Earlier Shakespeare's Birthday Sonnet Contest winning entries
This article is about Shakespeare's Birthday Sonnet Contest past winners. For other articles about Shakespeare's Birthday, see Shakespeare's Birthday (disambiguation).
Each April, the O.B. Hardison Poetry Series sponsors the Shakespeare's Birthday Sonnet Contest for students in grades 3 through 12 in the District of Columbia, Maryland, and Virginia to submit original sonnets. A judge selects the top sonnet in each of the following categories: grades 3-6, grades 7-9, grades 10-12.
2010 winning entries
Untitled
Clay Tamburri, winner, grades 4-6
At first you were bragging about your skill
And I just smirked and focused on the board.
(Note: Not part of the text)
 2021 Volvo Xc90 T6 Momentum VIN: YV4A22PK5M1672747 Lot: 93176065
Everything was good in the game until
You captured my queen with your claymore sword.
You laughed and said, "I'm really good at chess,"
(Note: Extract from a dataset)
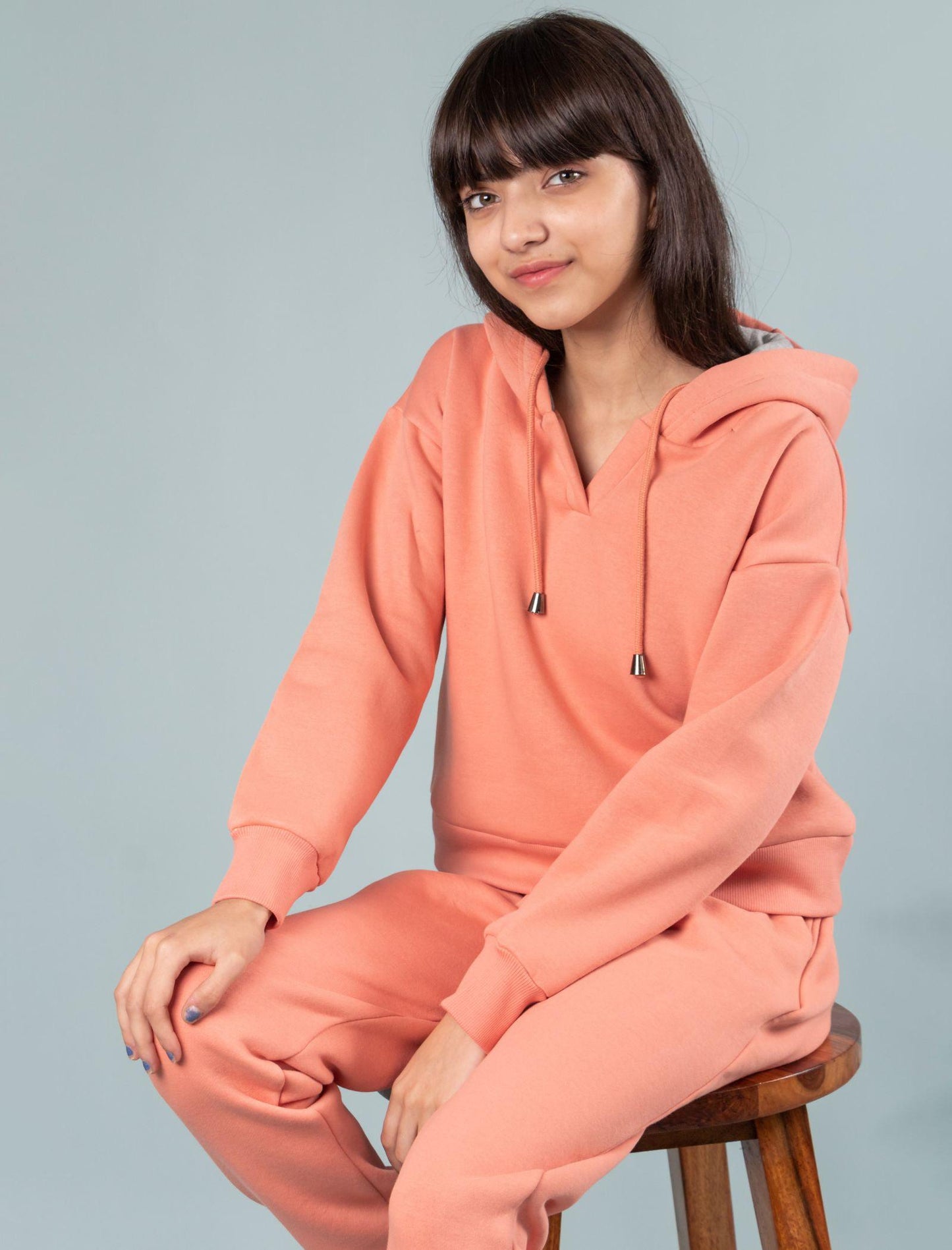 Premium Winter Fleece Hoodie for Kids Girls with Jogger Set (Coral Peach) - Tweeny Mini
But I didn't care, I just stared at the squares,
And said quietly, "I couldn't care less."
Just then, I had a plan to get your mares.
I captured your horses and laughed out loud,
And you started losing your tame temper.
Right after you got over your mad cloud
of anger, you saw your king in danger.
At first you thought that you were really great,
But I had the pleasure to say "Checkmate!"
The Sweater
Nina Moiseiwitsch, winner, grades 7-9
The sweater only meant to keep me warm
On chilly April days when words became
Ice crystals shining through the thin air torn
By whipping wind; despite your obvious claim,
I rightly took it to mean more when you
With eager hands told me it was my own.
Desire placed seeds of hope it might be true
A sweater could keep you here as your roam
Where I may always feel your memory.
So even when you’re far away up North
Where winds howl loud, I’ll know in every
day I’ve got a piece of you left henceforth
With me to warm my back- and soul- in cold
So blossoms grow anew there and unfold.
She Makes Him
Nora Sandler, winner, grades 10-12
She knows her place: in the acknowledgements,
On the back page. Or, more cryptically,
The dedication, measured to make sense
To her alone, addressed elliptically.
He sees her shadow lean against the wall
And pins it there, so he can better note
These lines: a curling finger and the small
Curve of her back, the neat edge of her throat.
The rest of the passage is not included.